The ability to share

Aheli Moitra  

The recent ‘Panama Papers’ expose has shown a dream to the news media in Naga society—that collaboration in research has far reaching impact on how professionals can hold accountable the misdeeds of the rich and powerful that enables the latter to create an unequal and oppressive society.  

In the biggest global expose of its kind on the widespread system of global tax evasion, more than 370 journalists (working in 25 languages) from 100 news/media organisations in about 80 countries collaborated through a non-profit network, the International Consortium of Investigative Journalists (ICIJ). Across borders, these journalists came together to unearth 11.5 million records of offshore entities and trusts belonging to individuals and companies in more than 170 places, including the Indian Union. They have produced data worth more than 2.6 terabytes.  

The individuals and companies exposed include the mega rich and tax offenders, politicians and celebrities, athletes and business executives, who have invested in tax havens such as the British Virgin Islands, the Cook Islands, Samoa and other offshore hideaways.

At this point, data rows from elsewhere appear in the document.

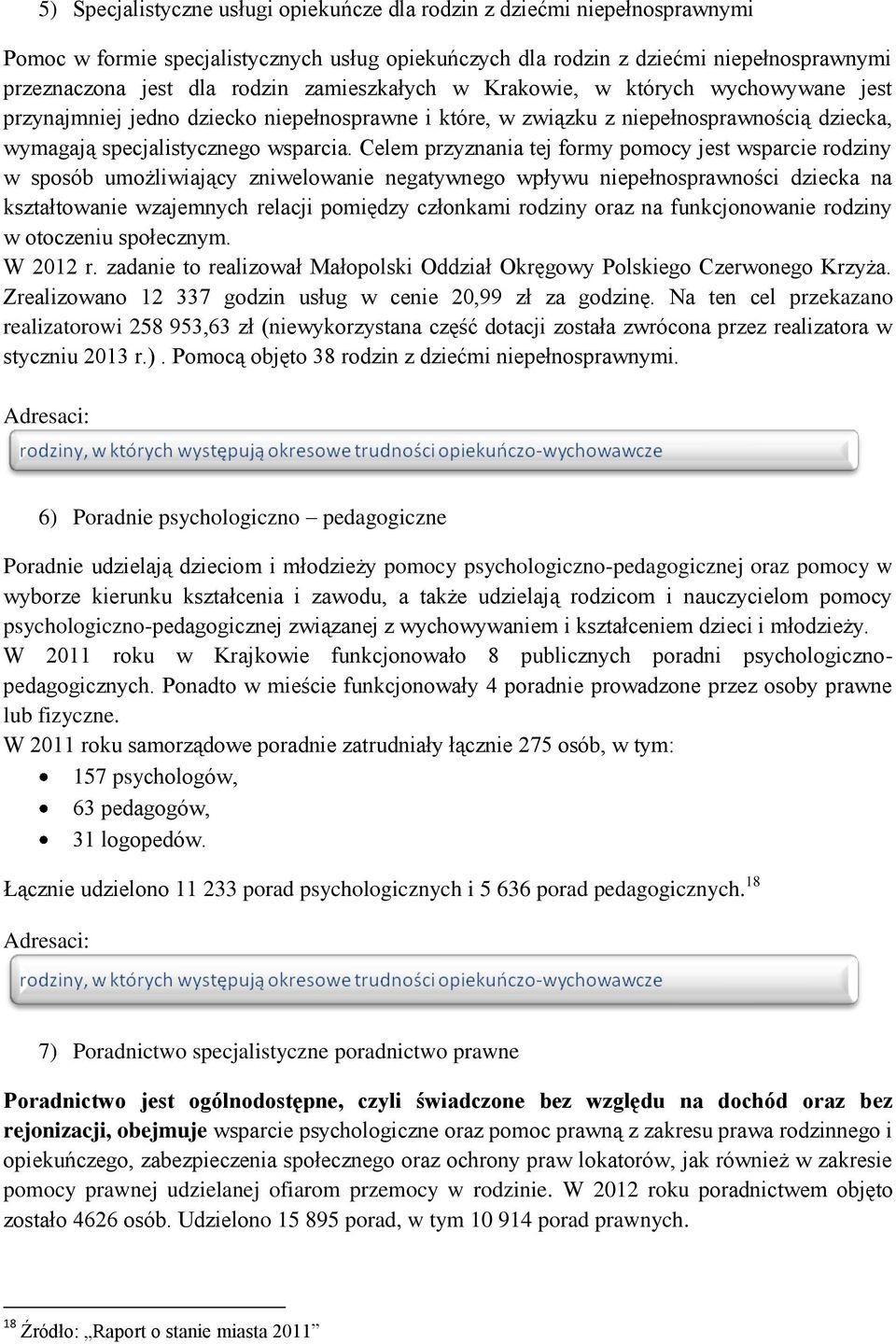 Celem przyznania tej formy pomocy jest wsparcie rodziny w sposób umożliwiający zniwelowanie negatywnego wpływu niepełnosprawności dziecka na kształtowanie wzajemnych relacji pomiędzy członkami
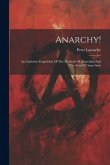 Anarchy!: An Authentic Exposition Of The Methods Of Anarchists And The Aims Of Anarchism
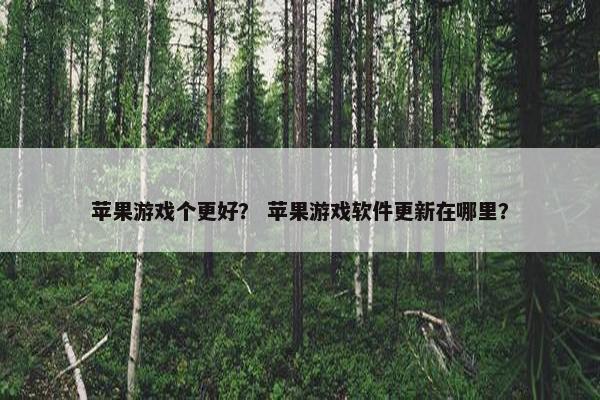 苹果游戏个更好？ 苹果游戏软件更新在哪里？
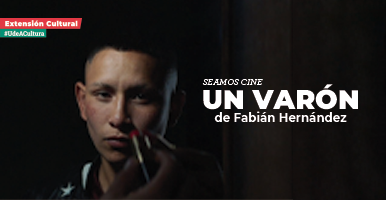 SEAMOS Cine – “Un varón”, de Fabián Hernández.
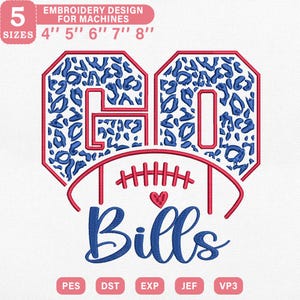May include: An embroidery design featuring the word "Bills" in blue script, with the number "60" in red outlined with blue leopard print. A red football with a heart is centered above the word. The design is available in 5 sizes, from 10 cm to 20 cm.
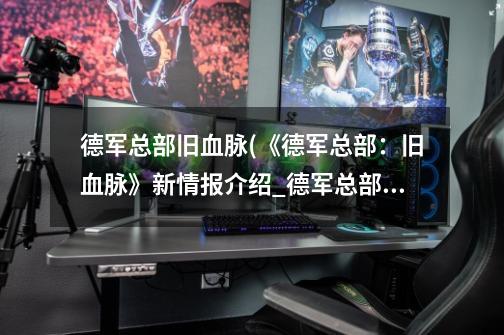 德军总部旧血脉(《德军总部:旧血脉》新情报介绍_德军总部旧血脉(《德军总部:旧血脉》新情报是什么-第1张-游戏信息-龙启网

The data has prompted authorities across the globe to open investigations of the world’s rich and powerful.

  Senior members at the ICIJ admitted that the success of the leaks have been the ability of the news organisations and journalists to share information; to work in the spirit of collaboration. Journalists maintained the ethics of team work and patience amidst sharing sources and detailed records since 2013 till all the organisations could compile the stories and publish them simultaneously on Sunday, April 3.  

Given the pitfalls of an increasingly profit-driven industry, this must have been a herculean task. Added to this are the risks of investigative journalism. It requires thorough research, attribution and fact checking, following subjects, etc. With a long period invested in investigations, such stories need to encompass all possible facts and angles. That journalists and news organisations which produced the Panama Papers could manage all this through collaborative journalism (with the help of the internet) seems, from here, like shrinking the moon and pursing it too.  

Nagaland’s readers often complain of the lack of investigative journalism in the State. It is hard to say if this is hunger for juicy news or the want for information to initiate change in society—given the detailed, and probably tip-of-the-iceberg, revelations made by the Comptroller & Auditor General of India and the public reaction therein, one is moved to believe the former.  

Nonetheless, the Panama Papers reveal a strategy that the news organisations can follow to break the cycle of corrupt impunity, injustice and oppression in Nagaland. Newspapers in Nagaland are in a good place to collaborate on big tip offs when they come by, putting their journalists together in an operation that could unearth the massive amounts—both cash and kind—that have currently been going through the black hole. It could later be extended to larger works. This collaboration could mean beyond just exposing information, but provide the much needed united front that could ward off expected violence—physical, mental, tribal—that make the media deter from publishing such stories in the first place. This opportunity should not be lost for want of political will, cooption, fear, maintaining power balance or ego that tramples on the ability to share.